2008 Joint Meeting of The Geological Society of America, Soil Science Society of America, American Society of Agronomy, Crop Science Society of America, Gulf Coast Association of Geological Societies with the Gulf Coast Section of SEPM

Paper No. 2
Presentation Time: 8:00 AM-6:00 PM

Is the Proximal Gulf of Mexico a Modern Analog for the Middle Cambrian House Embayment?


ERWIN, Marty, School of Life Sciences, University of Nevada Las Vegas, 4505 Maryland Parkway, Las Vegas, NV 89154-4004 and ROWLAND, Steve, Geoscience, University of Nevada-Las Vegas, 4505 Maryland Parkway, Las Vegas, NV 89154, erwinm2@unlv.nevada.edu

Is the Proximal Gulf of Mexico a Modern Analog

for the Middle Cambrian House Embayment?

Marty Erwin School of Life Sciences University of Nevada Las Vegas

Steve Rowland Department of Geosciences University of Nevada Las Vegas

Species richness is a gauge of biodiversity in an ecological context. In contemporary settings, various forms of disturbance are known to be responsible for significant changes in community-level species richness. Some types of disturbance, such as the deposition of turbidites, or the deposition of a volcanic ash beds, are readily detected in the stratigraphic record. In the absence of such clear stratigraphic signals of disturbance, and allowing for possible taphonomic variability, significant changes in species richness may be hypothesized to be responses to environmental disturbances.

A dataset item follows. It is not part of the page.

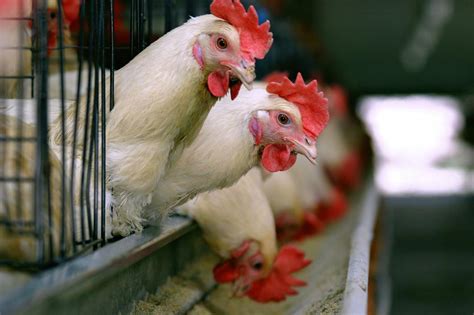 It is principally engaged in the production, grading, packaging. Poultry industry on bird flu alert - Agriculture ...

The Middle Cambrian Wheeler Shale of western Utah exhibits significant variability in the species richness of benthic trilobites, both geographically and stratigraphically. Gaines and Droser (2003) showed anoxic to dysoxic conditions cyclically occupied portions of the House Embayment. Here we explore the hypothesis that anoxia and dysoxia were caused by the episodic influx of nutrient-rich waters, which triggered blooms of phytoplankton. A possible modern analog for dysoxia in the House Embayment is the broad swath of the Gulf of Mexico affected by the influx of nutrient-rich waters from the Mississippi River. The House Embayment appears to have been relatively isolated from oceanic circulation, and taphonomic conditions during Wheeler Shale deposition appear to have been relatively constant. Thus taphonomic bias does not adequately account for the significant differences in diversity of benthic species between localities. Species richness in the vicinity of the dysoxic “dead zone” of the Gulf of Mexico fluctuates in response to the intensity and location of the zone of dysoxia. Variation in species richness within the Wheeler Shale may record similar phenomena in the House Embayment.